Anonymus, cdv, 1863, #Nibelungenbrücke von #Linz nach #Urfahr zum #Pöstlingberg, nach Stich von Johann Vinzenz Reim, um 1840

A. Red - Fotograf in Linz und Wels der 1860-80er Jahre, August Red (1828 Bozen – 1888 Linz) – österreichischer Fotograf in Linz und Wels von etwa 1857 bis 1888, Anonymus, anonym, anonymous, unidentified, unbekannt, Josef Sterrer, Josef Sterrer The Elder, Josef Sterrer der Ältere (1807-1888) – österreichischer Kunsthandwerker, Johann Vinzenz Reim (1796 Warnsdorf Böhmen – 1858 Wien) – österreichischer Architekt Zeichner Kupferstecher, Linz – Nibelungenbrücke (1938-40 bis heute), Linz – Hauptbrücke (1501 bis 1938) - Nibelungenbrücke (1940 bis heute), Linz – Donauhauptbrücke (1501 bis heute) – Brücke über die Donau zwischen (Dorf) Urfahr und (Stadt) Linz, Linz – Römerstrasse 98 – Jägermayerhof (1800 bis heute) - Forsthaus - Gasthaus - Bildungshaus der Arbeiterkammer, Linz = Lentia “Ort bei der Linde” – Etymologie 1 – keltisch lenta “Linde”, Linz = Lentia “Landungsort an der Donau” – Etymologie 2 – ahd. lent oder lend “Landungsplatz” – nhd. Lände, Linz = Lentia “Ort des Lentius” – Etymologie 3 – keltisch Lentius – villa Lentia “Dorf des Lentius”, Linz = Lentia “Ort an der Biegung der Donau” – Etymologie 4 – lateinisch lentus “biegsam”, Linz = Lentia “Ort an der langsam fliessenden Donau” – Etymologie 5 – lateinisch lentus “langsam”, Linz - Freinberg = Galgenberg = Jägermarwald – 405 m hoher Ausläufer des Kürnbergs (Böhmische Masse), Linz - Freinbergwarte = Franz-Josefs-Warte = Kaiser-Franz-Josef-Jubiläumswarte (1888 bis heute), #Linz, Linz, Linz an der Donau, Linz – Landeshauptstadt von Oberösterreich (1490 bis heute), Linz – Lentia (5. Jahrhundert) - Linze (799) – Linz (1207), #Urfahr, Urfahr, Urfahr – Markt Urfahr (1808) – Stadt Urfahr (1882) – Linz (seit 1919 Bezirk), Urfahr – “Überfahrt” an der Donau, Strasserinsel in der Donau (1572-1892), The Austrian Federal Chancellery, Bundeskanzleramt Österreich, BKA, Ballhausplatz 2, Sparismus, Sparen ist muss,  Sparism, sparing is must Art goes politics, Zensurismus, Zensur muss sein, Censorship is must, Mag.
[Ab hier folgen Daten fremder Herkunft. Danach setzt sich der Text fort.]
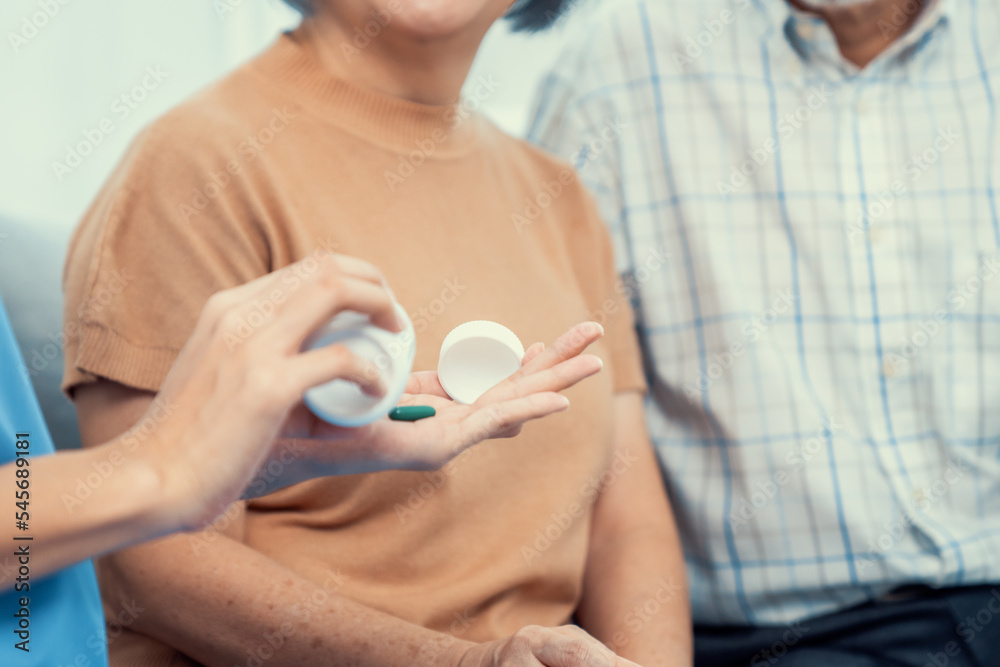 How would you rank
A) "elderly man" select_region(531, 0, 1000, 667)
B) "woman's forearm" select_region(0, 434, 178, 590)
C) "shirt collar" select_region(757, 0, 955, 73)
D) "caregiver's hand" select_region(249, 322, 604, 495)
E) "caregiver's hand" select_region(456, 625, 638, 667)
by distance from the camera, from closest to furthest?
"woman's forearm" select_region(0, 434, 178, 590), "caregiver's hand" select_region(249, 322, 604, 495), "caregiver's hand" select_region(456, 625, 638, 667), "elderly man" select_region(531, 0, 1000, 667), "shirt collar" select_region(757, 0, 955, 73)

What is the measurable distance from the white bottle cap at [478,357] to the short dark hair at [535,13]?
0.57 m

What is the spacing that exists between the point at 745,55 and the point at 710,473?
0.58 m

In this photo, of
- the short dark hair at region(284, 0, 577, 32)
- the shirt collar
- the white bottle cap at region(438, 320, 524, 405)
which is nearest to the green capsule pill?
the white bottle cap at region(438, 320, 524, 405)

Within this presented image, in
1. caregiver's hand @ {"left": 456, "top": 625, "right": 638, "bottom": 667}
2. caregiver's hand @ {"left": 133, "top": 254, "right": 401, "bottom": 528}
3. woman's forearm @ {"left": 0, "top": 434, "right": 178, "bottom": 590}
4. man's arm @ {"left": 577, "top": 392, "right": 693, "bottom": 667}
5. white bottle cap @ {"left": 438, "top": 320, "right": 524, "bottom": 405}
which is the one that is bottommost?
man's arm @ {"left": 577, "top": 392, "right": 693, "bottom": 667}

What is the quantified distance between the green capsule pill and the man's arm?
0.48 metres

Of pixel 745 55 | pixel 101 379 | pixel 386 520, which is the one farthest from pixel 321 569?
pixel 745 55

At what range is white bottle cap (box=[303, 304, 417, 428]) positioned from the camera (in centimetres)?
52

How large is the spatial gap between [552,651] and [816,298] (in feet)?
2.20

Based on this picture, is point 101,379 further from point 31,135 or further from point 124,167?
point 31,135

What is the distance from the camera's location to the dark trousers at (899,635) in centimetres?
107

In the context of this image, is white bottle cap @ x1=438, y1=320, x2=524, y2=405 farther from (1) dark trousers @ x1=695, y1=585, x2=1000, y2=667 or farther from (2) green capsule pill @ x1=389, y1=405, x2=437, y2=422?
(1) dark trousers @ x1=695, y1=585, x2=1000, y2=667

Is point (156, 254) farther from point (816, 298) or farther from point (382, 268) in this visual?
point (816, 298)

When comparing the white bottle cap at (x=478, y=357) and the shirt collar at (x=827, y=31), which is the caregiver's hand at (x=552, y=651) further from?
the shirt collar at (x=827, y=31)

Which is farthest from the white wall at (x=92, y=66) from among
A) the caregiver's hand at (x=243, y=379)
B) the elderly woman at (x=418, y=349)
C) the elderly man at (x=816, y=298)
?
the caregiver's hand at (x=243, y=379) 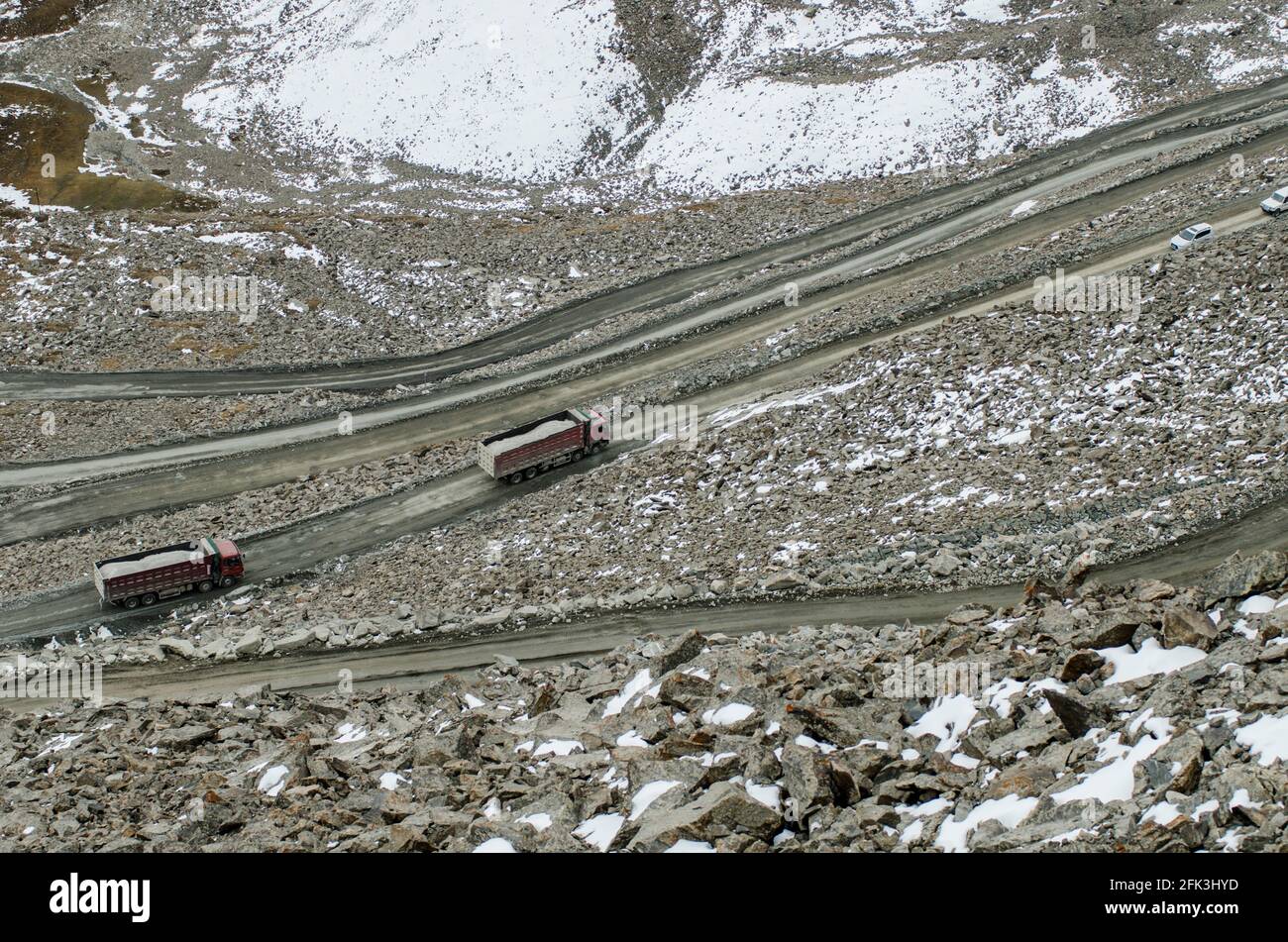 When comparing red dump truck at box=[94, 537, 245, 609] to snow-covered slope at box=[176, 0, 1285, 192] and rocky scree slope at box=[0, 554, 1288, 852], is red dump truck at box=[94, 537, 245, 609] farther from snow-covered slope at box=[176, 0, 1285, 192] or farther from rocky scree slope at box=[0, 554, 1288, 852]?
snow-covered slope at box=[176, 0, 1285, 192]

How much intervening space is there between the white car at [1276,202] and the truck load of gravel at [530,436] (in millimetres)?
31017

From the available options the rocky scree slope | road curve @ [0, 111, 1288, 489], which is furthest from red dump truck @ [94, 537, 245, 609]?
the rocky scree slope

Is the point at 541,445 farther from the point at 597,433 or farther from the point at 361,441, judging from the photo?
the point at 361,441

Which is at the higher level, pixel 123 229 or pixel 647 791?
pixel 123 229

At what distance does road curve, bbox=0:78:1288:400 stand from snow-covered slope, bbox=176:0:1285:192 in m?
5.52

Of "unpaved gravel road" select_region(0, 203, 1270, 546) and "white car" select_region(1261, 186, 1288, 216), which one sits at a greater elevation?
"white car" select_region(1261, 186, 1288, 216)

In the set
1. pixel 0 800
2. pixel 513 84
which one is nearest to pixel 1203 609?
pixel 0 800

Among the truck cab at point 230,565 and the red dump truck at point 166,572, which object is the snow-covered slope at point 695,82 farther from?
the red dump truck at point 166,572

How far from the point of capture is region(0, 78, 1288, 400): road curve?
54.4 meters

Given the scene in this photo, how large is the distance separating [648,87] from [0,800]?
70.8 meters

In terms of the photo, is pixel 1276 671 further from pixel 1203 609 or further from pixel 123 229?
pixel 123 229

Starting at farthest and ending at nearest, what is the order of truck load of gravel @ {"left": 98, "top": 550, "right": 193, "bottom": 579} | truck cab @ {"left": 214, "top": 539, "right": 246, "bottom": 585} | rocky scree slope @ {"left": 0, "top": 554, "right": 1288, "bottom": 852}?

Ingrid Moschik, Mündelkünstlerin, ward artist, Staatsmündelkünstlerin, political ward artist, Österreichische Staatsmündelkünstlerin, Austrian political ward artist

“Linz 1863.”

Josef Sterrer, Josef Sterrer The Elder, Josef Sterrer der Ältere (1807-1888) – österreichischer Kunsthandwerker, Linz, Linz an der Donau, Linz – Landeshauptstadt von Oberösterreich (1490 bis heute), Linz – Lentia (5. Jahrhundert) - Linze (799) – Linz (1207), Urfahr, Urfahr – Markt Urfahr (1808) – Stadt Urfahr (1882) – Linz (seit 1919 Bezirk), Urfahr – “Überfahrt” an der Donau, Strasserinsel in der Donau (1572-1892), The Austrian Federal Chancellery, Bundeskanzleramt Österreich, BKA, Ballhausplatz 2, Sparismus, Sparen ist muss, Sparism, sparing is must Art goes politics, Zensurismus, Zensur muss sein, Censorship is must, Mag. Ingrid Moschik, Mündelkünstlerin, ward artist, Staatsmündelkünstlerin, political ward artist, Österreichische Staatsmündelkünstlerin, Austrian political ward artist

“N. D. NATUR
GEZEICHNET
JOS. STERRER”
“Linz und Urfahr (von) Strom abwärts”

https://de.wikipedia.org/wiki/Nibelungenbrücke_(Linz)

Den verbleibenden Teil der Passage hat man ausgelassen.